Questions
8 questions per paper
Difficulty
Medium
Importance
Key for Class 12 Boards
Overview
Accounting Ratios are mathematical relationships between two figures derived from financial statements, acting as essential diagnostic tools for assessing business health. For board exams, mastering these is crucial as they bridge the gap between theoretical accounting and practical financial analysis. Aspirants must grasp the logic behind the numerator and denominator to derive insights into liquidity, solvency, efficiency, and profitability.
Liquidity Ratios
Liquidity ratios measure the short-term ability of a company to meet its current obligations. Examiners focus heavily on these to test a student's understanding of what constitutes a 'current' asset or liability.
- Current Ratio = Current Assets / Current Liabilities
- Quick Ratio = Quick Assets / Current Liabilities
- Ideal Current Ratio is 2:1
- Ideal Quick Ratio is 1:1
- Quick Assets = Current Assets - Inventories - Prepaid Expenses
Solvency Ratios
These ratios evaluate the long-term sustainability and the capital structure of an organization. They demonstrate the balance between owner's funds and borrowed funds, which is a frequent area for analytical questions.
- Debt-Equity Ratio = Long-term Debt / Shareholders' Funds
- Proprietary Ratio = Shareholders' Funds / Total Assets
- Total Assets to Debt Ratio = Total Assets / Long-term Debt
- Interest Coverage Ratio = EBIT / Interest on Long-term Debt
- Ideal Debt-Equity Ratio is 2:1
Activity/Efficiency Ratios
Activity ratios determine how effectively a company utilizes its assets and resources to generate revenue. These are often presented as turnover ratios, requiring precise calculation of average figures.
- Inventory Turnover Ratio = Cost of Revenue from Operations / Average Inventory
- Trade Receivables Turnover Ratio = Net Credit Sales / Average Trade Receivables
- Trade Payables Turnover Ratio = Net Credit Purchases / Average Trade Payables
- Working Capital Turnover Ratio = Revenue from Operations / Working Capital
Profitability Ratios
Profitability ratios indicate the efficiency of the business in generating earnings relative to sales, assets, or equity. These are the most common focus areas for multi-step numerical problems in board examinations.

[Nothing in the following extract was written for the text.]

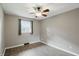 Cozy bedroom featuring wood-look floors, ceiling fan, soft neutral walls, and a bright window at 8635 Bishops Ln, Indianapolis, IN 46217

- Gross Profit Ratio = (Gross Profit / Revenue from Operations) * 100
- Net Profit Ratio = (Net Profit after Tax / Revenue from Operations) * 100
- Return on Investment (ROI) = (EBIT / Capital Employed) * 100
- Earnings Per Share (EPS) = Net Profit After Tax / No. of Equity Shares
Formula Sheet
Current Ratio = Current Assets / Current Liabilities
Quick Ratio = (Current Assets - Inventory - Prepaid Expenses) / Current Liabilities
Debt-Equity Ratio = Long-term Debt / Shareholders' Funds
Inventory Turnover Ratio = COGS / Average Inventory
Gross Profit Ratio = (Gross Profit / Net Sales) * 100
Operating Ratio = (COGS + Operating Expenses) / Net Sales * 100
Return on Investment = (EBIT / Capital Employed) * 100
Exam Tip
Always write the formula first before substituting values to ensure you receive partial marks even if the final calculation has an arithmetic error.
Common Mistakes
- Including prepaid expenses in Quick Assets when calculating the Quick Ratio.
- Using total sales instead of net credit sales for Trade Receivables Turnover Ratio calculations.
- Confusing 'Capital Employed' with 'Shareholders' Funds' when calculating ROI.